'''
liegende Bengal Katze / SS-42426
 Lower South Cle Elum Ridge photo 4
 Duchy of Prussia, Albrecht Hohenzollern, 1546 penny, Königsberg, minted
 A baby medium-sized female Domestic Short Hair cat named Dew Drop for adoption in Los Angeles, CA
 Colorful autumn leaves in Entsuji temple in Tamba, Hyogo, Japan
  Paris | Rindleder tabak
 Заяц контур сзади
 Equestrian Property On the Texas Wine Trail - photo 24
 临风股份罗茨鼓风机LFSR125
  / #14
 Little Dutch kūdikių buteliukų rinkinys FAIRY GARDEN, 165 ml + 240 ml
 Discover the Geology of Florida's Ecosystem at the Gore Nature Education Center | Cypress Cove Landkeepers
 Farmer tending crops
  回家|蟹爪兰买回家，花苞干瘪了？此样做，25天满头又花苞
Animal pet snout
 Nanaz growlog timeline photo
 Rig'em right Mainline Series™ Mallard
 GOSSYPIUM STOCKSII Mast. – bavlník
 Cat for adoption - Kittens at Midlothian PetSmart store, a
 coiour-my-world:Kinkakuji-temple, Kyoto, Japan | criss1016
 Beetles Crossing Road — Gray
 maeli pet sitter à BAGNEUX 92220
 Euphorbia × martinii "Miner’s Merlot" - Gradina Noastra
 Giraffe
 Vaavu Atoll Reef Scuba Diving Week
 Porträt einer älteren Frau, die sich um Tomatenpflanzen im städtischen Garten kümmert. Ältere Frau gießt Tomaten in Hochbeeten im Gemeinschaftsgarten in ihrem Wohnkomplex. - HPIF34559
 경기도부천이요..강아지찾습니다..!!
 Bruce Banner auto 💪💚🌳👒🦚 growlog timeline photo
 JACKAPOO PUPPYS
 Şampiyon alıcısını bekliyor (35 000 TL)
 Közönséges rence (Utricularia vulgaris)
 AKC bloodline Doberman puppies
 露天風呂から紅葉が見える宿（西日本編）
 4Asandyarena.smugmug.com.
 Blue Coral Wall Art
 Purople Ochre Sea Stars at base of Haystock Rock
'''
Write out, from the lines above, only those from the line with "Porträt einer älteren" to the line with "JACKAPOO PUPPYS", exactly as given, including the first and the last.

#### [Exercise result]
 Porträt einer älteren Frau, die sich um Tomatenpflanzen im städtischen Garten kümmert. Ältere Frau gießt Tomaten in Hochbeeten im Gemeinschaftsgarten in ihrem Wohnkomplex. - HPIF34559
 경기도부천이요..강아지찾습니다..!!
 Bruce Banner auto 💪💚🌳👒🦚 growlog timeline photo
 JACKAPOO PUPPYS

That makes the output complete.